Just curious, is it possible he shut off the breaker for the fire alarm/fire suppression system? That would shut off the power if it's powered by a contactor.


----------



## ponyboy (Nov 18, 2012)

wendon said:


> Just curious, is it possible he shut off the breaker for the fire alarm/fire suppression system? That would shut off the power if it's powered by a contactor.


Depends. Possible


----------



## EBFD6 (Aug 17, 2008)

Big John said:


> Yeah, but where would he be getting his 120V loads from...?


good point, there wouldn't be any single pole breakers with a corner grounded system. 

It's got to be either a high leg or operator error with the meter.


----------



## Shockdoc (Mar 4, 2010)

He single phased it off the high leg.
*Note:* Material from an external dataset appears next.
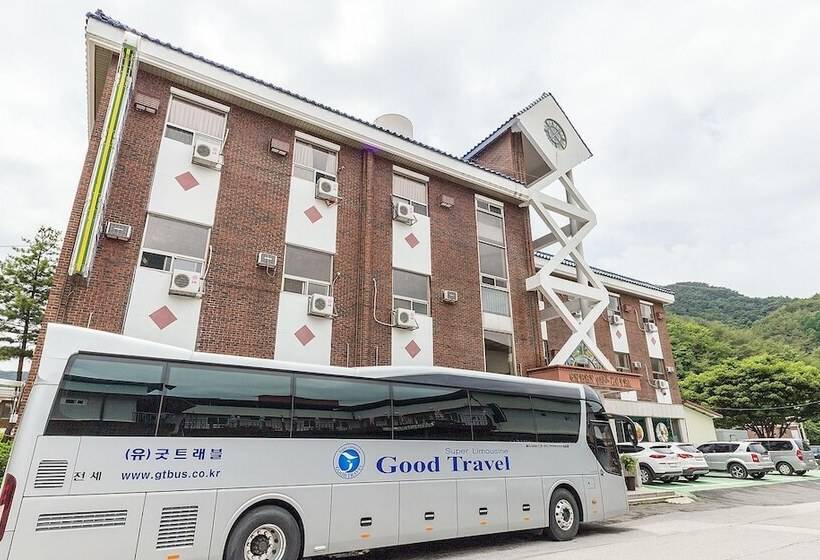 Motel Boeun Green Park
The breaker is not rated for that . I've run 240 volt room ACs like that when I had to balance out a hi leg motel service.


----------



## Jbird66 (Oct 26, 2010)

Could there have been a second service in the building that provided the single phase loads and this actually been a 240 volt delta?


----------



## ponyboy (Nov 18, 2012)

I bet if you would've opened the panel and food warmer the answer would've revealed itself. I've opened panels before and found contactors and relays IN the panel. Usually the most simple explanation is the correct one. There's a ton of easy and varying ways to produce your scenario


----------



## Big John (May 23, 2010)

Why would they put the warmer on a contactor? Timer or something?


----------



## 480sparky (Sep 20, 2007)

If the SP breaker that's been turned off is a shunt trip, then it most likely controls a contactor.


----------



## wendon (Sep 27, 2010)

Big John said:


> Why would they put the warmer on a contactor? Timer or something?


I've got a local restaurant that has it's electric griddle on a contactor. The contactor is energized all the time and is connected with the fire suppression system which also shuts off the gas supply.


----------



## GEORGE D (Apr 2, 2009)

Is there a chance that this piece of equipment isnt grounded which is why your not getting voltage to ground? Maybe lost its equipment grounding conductor and one of the 2 legs still has voltage but meter not picking it up. That's when a hot-stick is handy.


----------



## ponyboy (Nov 18, 2012)

At least let us know what you find because this is a good one


----------



## polyphase (Nov 1, 2011)

I haven't had to work on many delta services but if I recall the last one I worked on my readings were 240v from phase to phase and 120v from A to N and C to N and 277v from B to N. how do u get 208v?


----------



## crazyboy (Nov 8, 2008)

Big John said:


> Why would they put the warmer on a contactor? Timer or something?


Everything under the hood in a commercial kitchen has to turn off when the ansul system goes off. Typically done with shunt trips or contactors.


----------



## ponyboy (Nov 18, 2012)

crazyboy said:


> Everything under the hood in a commercial kitchen has to turn off when the ansul system goes off. Typically done with shunt trips or contactors.


Not the exhaust


----------



## crazyboy (Nov 8, 2008)

ponyboy said:


> Not the exhaust


True, some places want it to turn on the exhaust too.


----------



## BBQ (Nov 16, 2010)

crazyboy said:


> Everything under the hood in a commercial kitchen has to turn off when the ansul system goes off. Typically done with shunt trips or contactors.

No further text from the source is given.